:: Task item ::
Leave out every picture and set down, exactly, the lines below from the one holding "Positive glad attractive" up to and including the one holding "CONGRATULATIONS: Grenfell U12s".

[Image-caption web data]
○ ○ ○ ○

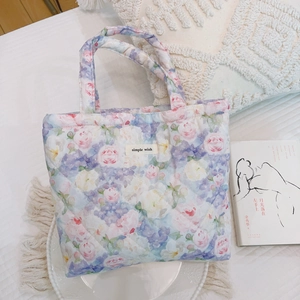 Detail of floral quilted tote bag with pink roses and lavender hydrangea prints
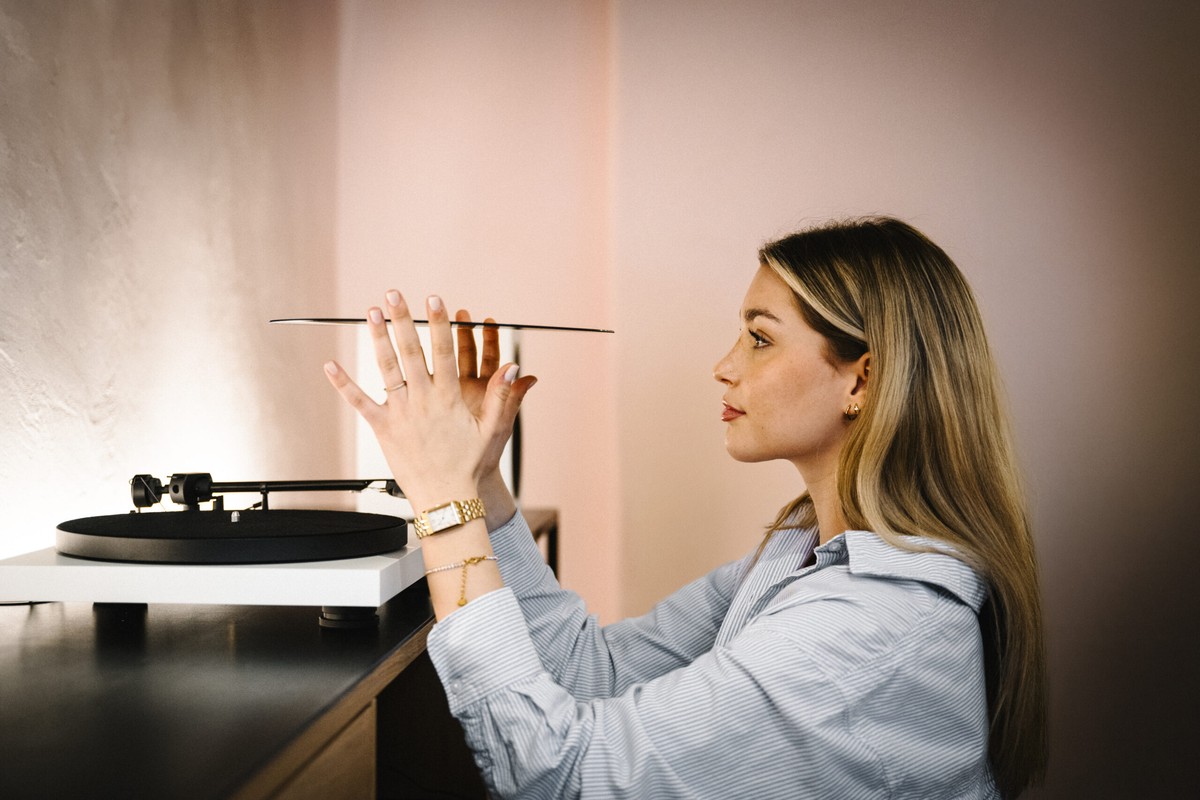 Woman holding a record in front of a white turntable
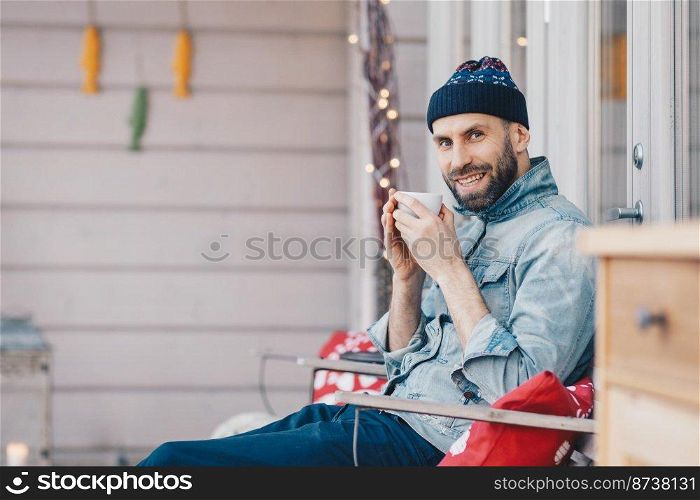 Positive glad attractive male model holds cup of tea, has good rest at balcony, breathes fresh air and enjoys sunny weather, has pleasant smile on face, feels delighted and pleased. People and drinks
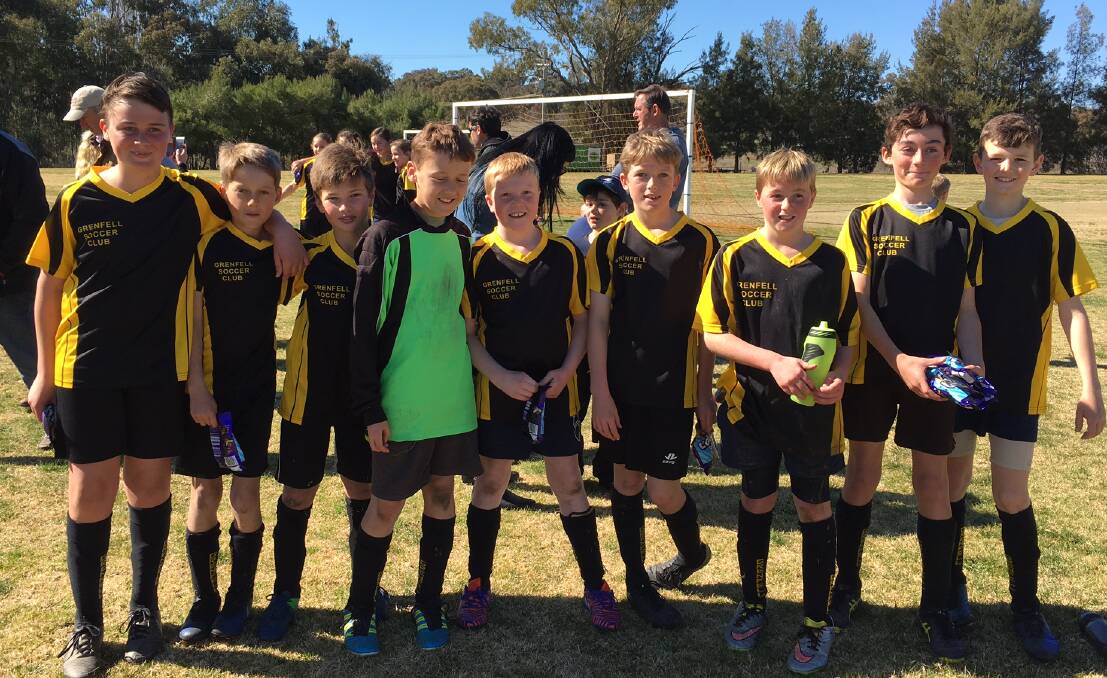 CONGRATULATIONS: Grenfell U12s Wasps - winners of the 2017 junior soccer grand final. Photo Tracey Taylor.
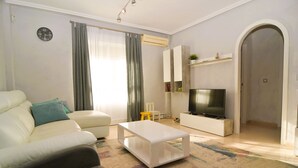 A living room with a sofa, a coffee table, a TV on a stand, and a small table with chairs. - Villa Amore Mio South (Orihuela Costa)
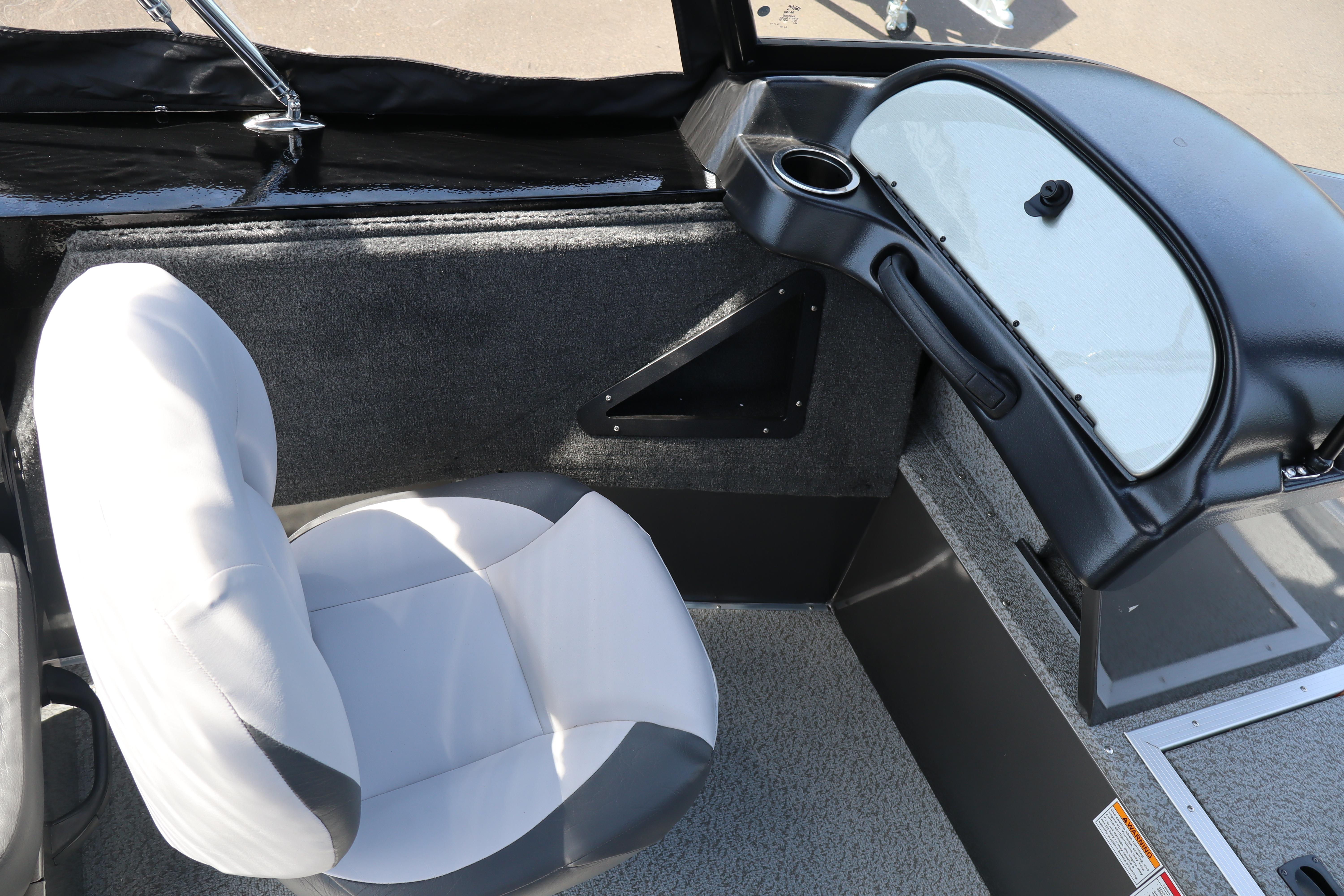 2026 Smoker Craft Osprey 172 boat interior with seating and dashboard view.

○ ○ ○ ○

:: Output of the exercise ::
 Positive glad attractive male model holds cup of tea, has good rest at balcony, breathes fresh air and enjoys sunny weather, has pleasant smile on face, feels delighted and pleased. People and drinks
 CONGRATULATIONS: Grenfell U12s Wasps - winners of the 2017 junior soccer grand final. Photo Tracey Taylor.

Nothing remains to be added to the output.